You need look no further than Mickey Mouse in the US, or Elvis in the UK, to understand how copyright, for better or worst, affects the marketplace. But while Disney resorted to legal means to get more life out Mickey, those that oversee the Eiffel Tower came up with something far more clever.
The Eiffel Tower’s likeness had long since been part of the public domain, when in 2003, it was abruptly repossessed by the city of Paris. That’s the year that the SNTE, the company charged with maintaining the tower, adorned it with a distinctive lighting display, copyrighted the design, and in one feel swoop, reclaimed the nighttime image and likeness of the most popular monument on earth. In short: they changed the actual likeness of the tower, and then copyrighted that.

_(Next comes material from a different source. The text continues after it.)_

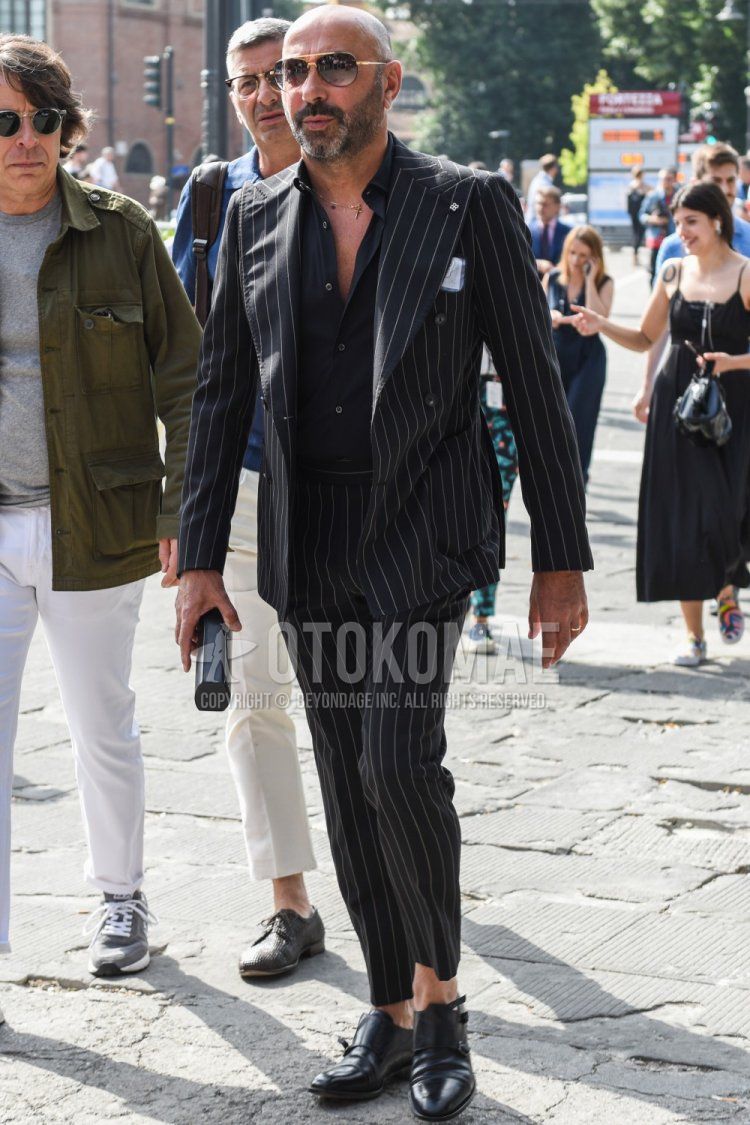 Men's spring, summer, and fall coordination and outfit with plain black and gold sunglasses, plain black shirt, black monk shoes leather shoes, and black striped suit.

As a result, it’s no longer legal to publish current photographs of the Eiffel Tower at night without permission. Technically, this applies even to amateurs. When I spoke to the Director of Documentation for SNTE, Stéphane Dieu, via phone last week, he assured me that SNTE wasn’t interested in prohibiting the publication of amateur photography on personal Web sites. “It is really just a way to manage commercial use of the image, so that it isn’t used in ways we don’t approve,” said Mr. Dieu.
So while publishing nighttime photos of the Eiffel Tower may now be illegal, it isn’t all bad news for tourists; SNTE profits go back to the city of Paris, making it, hopefully, and even nicer place to visit.